:: DATA ::

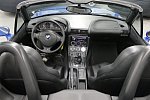 BMW Z3 E36 Roadster M 325ch cabriolet Bleu occasion - 39 990 €, 143 500 km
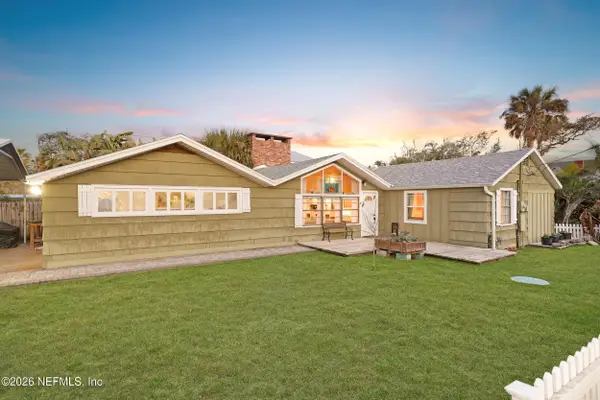 6960 Charles Street, St. Augustine, FL 32080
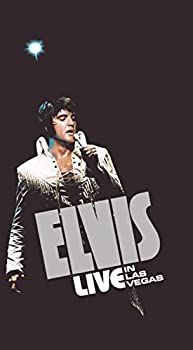 CD］Live in Las Vegas 【公式通販】
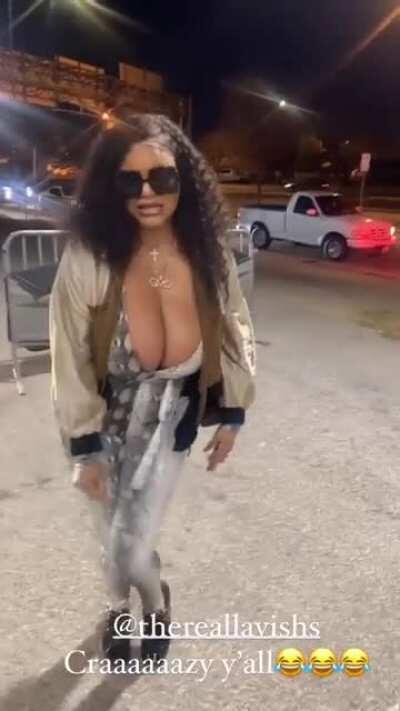 Look at how heavy those are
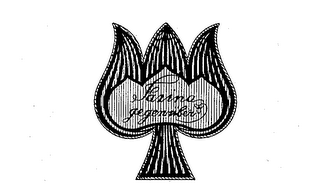 FARINA GEGENUBER logo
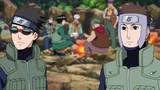 Naruto Shippuden - Staffel 11: Paradiesisches Bordleben (222-242) Folge 230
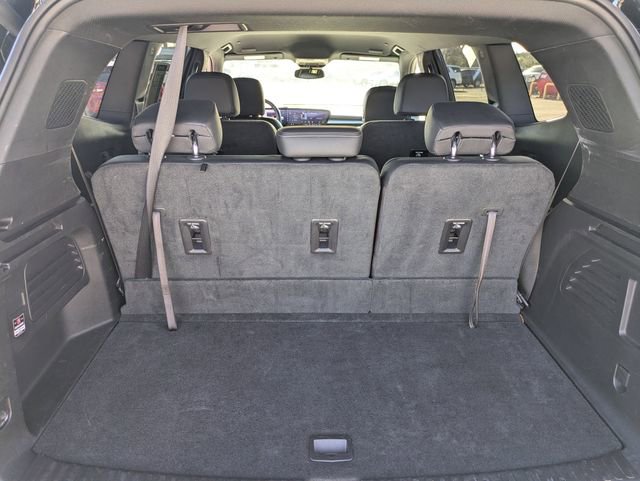 Certified 2025 Buick Enclave Preferred image 14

:::

● **PROBLEM DETAILS**: Working from the records above, reproduce exactly the lines from the one with "Naruto Shippuden - Staffel" through the last line, without the pictures.

● **EXERCISE OUTPUT**:
 Naruto Shippuden - Staffel 11: Paradiesisches Bordleben (222-242) Folge 230
 Certified 2025 Buick Enclave Preferred image 14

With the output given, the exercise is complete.